Data supplied:
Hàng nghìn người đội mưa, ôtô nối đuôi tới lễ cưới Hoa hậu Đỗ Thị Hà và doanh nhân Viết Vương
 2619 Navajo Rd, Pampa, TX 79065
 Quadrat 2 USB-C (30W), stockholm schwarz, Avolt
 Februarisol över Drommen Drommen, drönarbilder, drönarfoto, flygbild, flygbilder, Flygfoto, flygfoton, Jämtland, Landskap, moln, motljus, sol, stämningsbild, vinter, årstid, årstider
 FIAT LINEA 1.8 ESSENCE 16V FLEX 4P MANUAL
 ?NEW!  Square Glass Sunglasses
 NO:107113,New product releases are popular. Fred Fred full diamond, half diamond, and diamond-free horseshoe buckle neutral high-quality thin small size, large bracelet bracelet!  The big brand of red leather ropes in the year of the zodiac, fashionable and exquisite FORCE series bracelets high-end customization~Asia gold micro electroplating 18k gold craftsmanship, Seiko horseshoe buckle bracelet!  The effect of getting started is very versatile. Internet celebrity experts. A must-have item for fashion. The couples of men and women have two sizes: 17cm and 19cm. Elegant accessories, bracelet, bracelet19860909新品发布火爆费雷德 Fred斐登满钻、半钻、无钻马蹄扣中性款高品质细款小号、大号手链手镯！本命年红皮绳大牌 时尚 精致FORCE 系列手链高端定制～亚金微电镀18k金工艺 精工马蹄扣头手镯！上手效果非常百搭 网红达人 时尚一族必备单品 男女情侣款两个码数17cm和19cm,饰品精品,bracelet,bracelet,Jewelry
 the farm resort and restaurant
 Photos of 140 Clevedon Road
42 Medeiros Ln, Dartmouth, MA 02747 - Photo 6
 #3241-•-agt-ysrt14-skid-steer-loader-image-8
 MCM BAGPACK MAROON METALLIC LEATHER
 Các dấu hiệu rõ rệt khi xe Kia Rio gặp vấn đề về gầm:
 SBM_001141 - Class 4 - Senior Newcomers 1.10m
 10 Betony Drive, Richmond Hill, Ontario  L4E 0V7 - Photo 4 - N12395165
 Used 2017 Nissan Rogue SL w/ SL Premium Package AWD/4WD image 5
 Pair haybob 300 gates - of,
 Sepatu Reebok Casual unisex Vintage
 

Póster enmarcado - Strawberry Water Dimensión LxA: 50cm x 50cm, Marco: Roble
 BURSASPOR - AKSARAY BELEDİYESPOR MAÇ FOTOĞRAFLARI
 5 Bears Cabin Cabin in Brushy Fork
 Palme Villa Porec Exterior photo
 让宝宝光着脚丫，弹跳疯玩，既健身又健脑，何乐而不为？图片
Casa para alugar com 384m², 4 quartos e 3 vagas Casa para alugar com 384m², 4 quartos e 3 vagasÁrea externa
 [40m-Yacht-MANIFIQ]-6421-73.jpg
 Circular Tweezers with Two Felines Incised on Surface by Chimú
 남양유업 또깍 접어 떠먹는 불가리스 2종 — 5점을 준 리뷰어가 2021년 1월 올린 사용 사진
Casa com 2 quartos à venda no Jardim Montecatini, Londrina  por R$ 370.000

Requirement:
What is needed is an exact repetition of the lines from the first line of the records through the line containing "Square Glass Sunglasses", both ends included, and nothing more.

Task solution:
Hàng nghìn người đội mưa, ôtô nối đuôi tới lễ cưới Hoa hậu Đỗ Thị Hà và doanh nhân Viết Vương
 2619 Navajo Rd, Pampa, TX 79065
 Quadrat 2 USB-C (30W), stockholm schwarz, Avolt
 Februarisol över Drommen Drommen, drönarbilder, drönarfoto, flygbild, flygbilder, Flygfoto, flygfoton, Jämtland, Landskap, moln, motljus, sol, stämningsbild, vinter, årstid, årstider
 FIAT LINEA 1.8 ESSENCE 16V FLEX 4P MANUAL
 ?NEW!  Square Glass Sunglasses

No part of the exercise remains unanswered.